§ **WORK INSTRUCTION**:
Each entry below is to be written out exactly, and the pictures are to be left out.

§ **SUPPLIED DATA**:
==*==
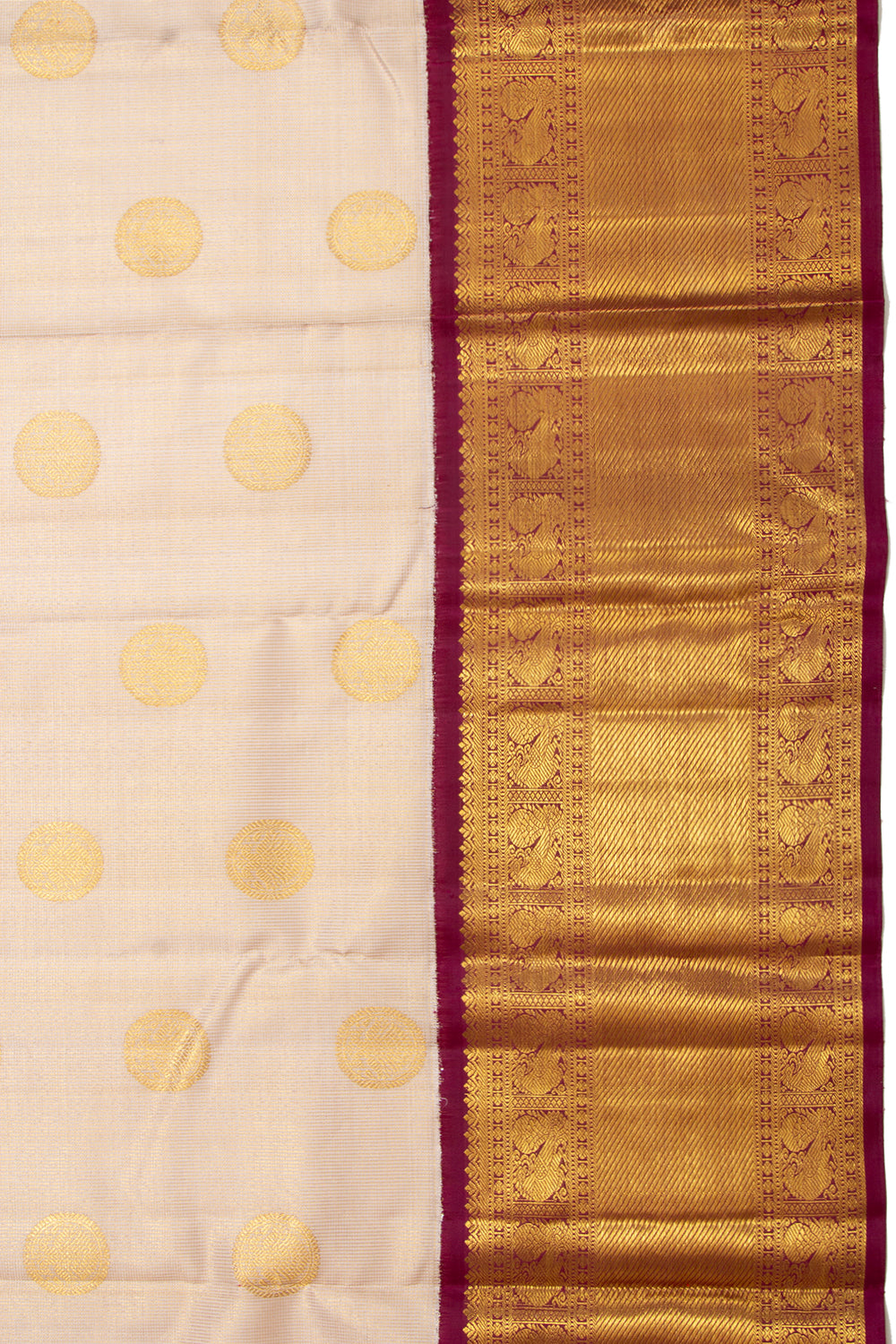 Kanchipuram Silk Checks And Butta Cream Saree
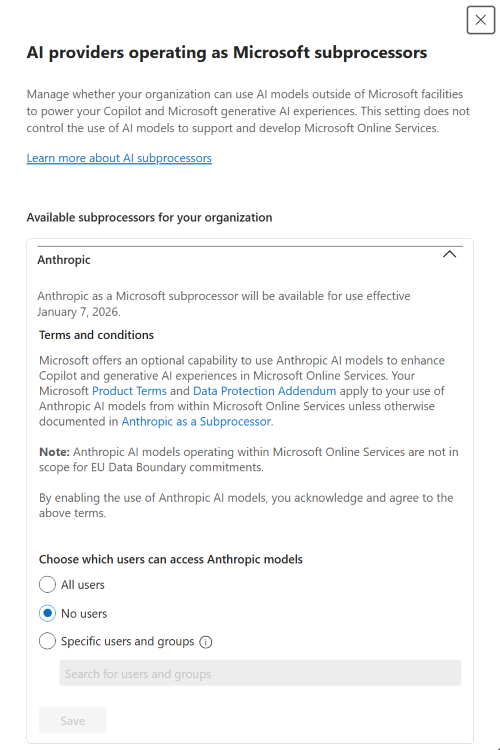 Screenshot of the choice in the Microsoft 365 admin center UI to use Anthropic models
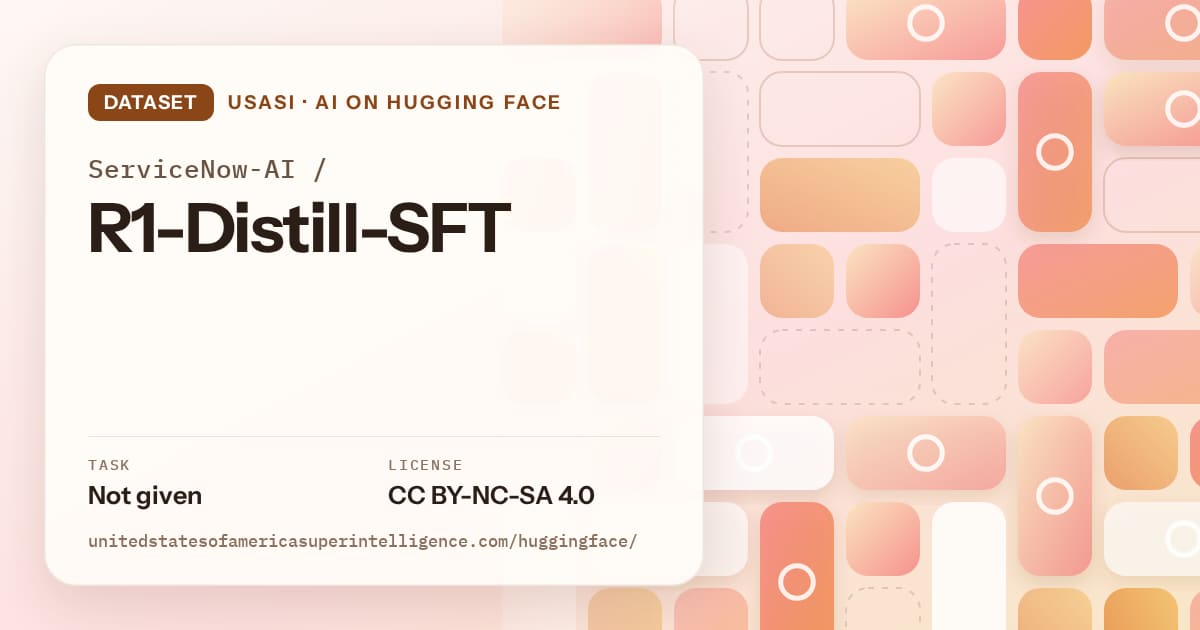 Generated orange tile-mosaic artwork for the dataset ServiceNow-AI/R1-Distill-SFT, labeled USASI ยท AI on Hugging Face, with Task: Not given ยท License: CC BY-NC-SA 4.0.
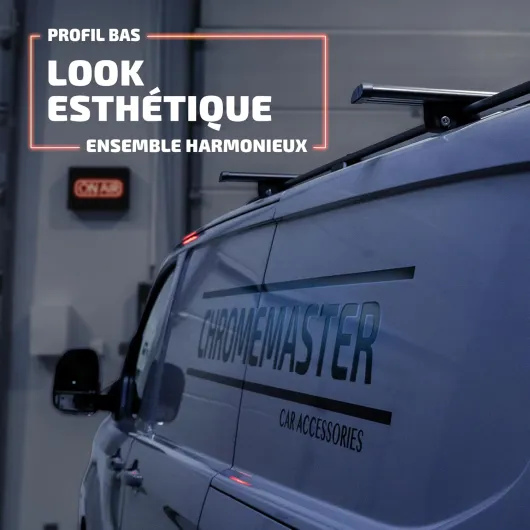 Kit Rails de Toit et Barres de Toit Compatible avec Peugeot Expert L2 Moyen 2016+ - Système de Porte-Bagages de Toit pour Voiture - Montez Un Panier de Toit ou Un Coffre de Toit Noir Kit: 2 Rails de toit 3 Barres transversales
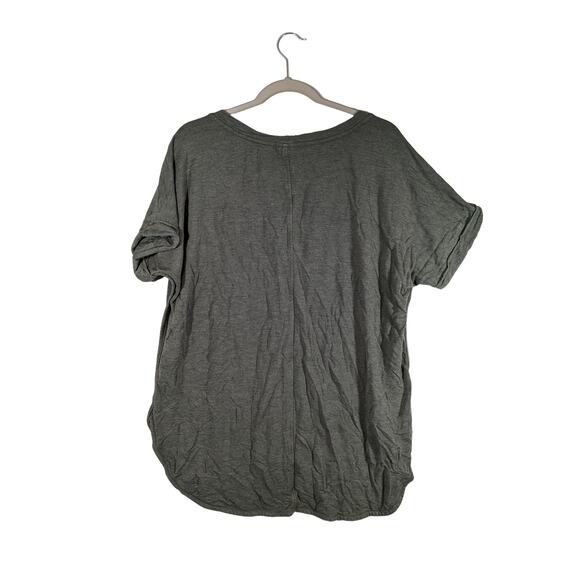 Matty M French Terry Top Green XL Scoop Neck Cuffed Short Sleeve Everyday Tshirt - Picture 8 of 8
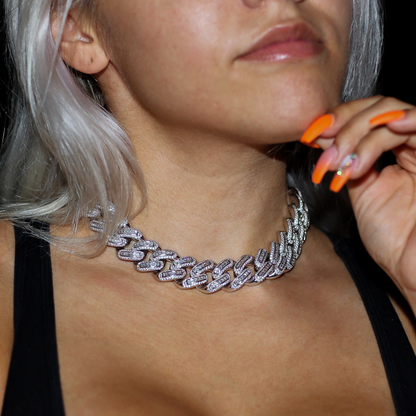 18mm Bugatti Link Choker/ Necklace in White Gold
==*==
§ **OUTPUT OF THE EXERCISE**:
 Kanchipuram Silk Checks And Butta Cream Saree
 Screenshot of the choice in the Microsoft 365 admin center UI to use Anthropic models
 Generated orange tile-mosaic artwork for the dataset ServiceNow-AI/R1-Distill-SFT, labeled USASI ยท AI on Hugging Face, with Task: Not given ยท License: CC BY-NC-SA 4.0.
 Kit Rails de Toit et Barres de Toit Compatible avec Peugeot Expert L2 Moyen 2016+ - Système de Porte-Bagages de Toit pour Voiture - Montez Un Panier de Toit ou Un Coffre de Toit Noir Kit: 2 Rails de toit 3 Barres transversales
 Matty M French Terry Top Green XL Scoop Neck Cuffed Short Sleeve Everyday Tshirt - Picture 8 of 8
 18mm Bugatti Link Choker/ Necklace in White Gold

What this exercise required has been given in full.